In a 2011 university ranking of Quacquarelli Symonds the Austral University of Chile was ranked 30th among Latin American universities, 5th among Chilean universities and second among Chilean universities outside Santiago.

In El Mercurios 2006 ranking of the "Best Universities in the Country", UACh received the highest score in "teaching quality" of any Chilean university. The same article also listed UACh second only to Universidad de Chile in research quality, and ranked the Valdivia-based university third place overall among Chilean universities. As both universities that earned higher rankings are located in Santiago (U. de Chile and Pontifical Catholic University of Chile), UACh thus became the highest ranking university in Chile outside of the nation's capital.

In the most recent Chilean university ranking released by AméricaEconomía magazine, released in 2009, UACh earned an overall ranking of 7th place, and 4th among universities outside Santiago.
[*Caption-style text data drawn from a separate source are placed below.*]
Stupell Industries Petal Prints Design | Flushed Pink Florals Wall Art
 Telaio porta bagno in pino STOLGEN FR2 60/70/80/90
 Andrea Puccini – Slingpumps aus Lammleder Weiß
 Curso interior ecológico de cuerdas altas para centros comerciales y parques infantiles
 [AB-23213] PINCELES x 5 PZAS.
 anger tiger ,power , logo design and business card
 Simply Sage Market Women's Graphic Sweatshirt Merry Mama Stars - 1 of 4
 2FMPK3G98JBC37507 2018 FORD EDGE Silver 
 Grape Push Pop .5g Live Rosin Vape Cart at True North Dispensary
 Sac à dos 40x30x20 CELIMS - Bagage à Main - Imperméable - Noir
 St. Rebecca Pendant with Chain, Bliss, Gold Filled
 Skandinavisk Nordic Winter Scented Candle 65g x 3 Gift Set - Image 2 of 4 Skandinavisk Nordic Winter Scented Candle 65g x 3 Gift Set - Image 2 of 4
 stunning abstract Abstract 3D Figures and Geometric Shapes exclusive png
In the undergraduate ranking, nursing performed best with 3rd place, then medicine and agronomy at 4th place, then law at 7th place, kinesiology at 8th place and Business Administration (Ingeniería Comercial) at 10th place.

In 2006 UACh's medical students got the second highest marks in Chile in the National Medicine Exam after PUC. In 2007, though, UACh medical students dropped down to fifth place, and by 2008 they were down to sixth place.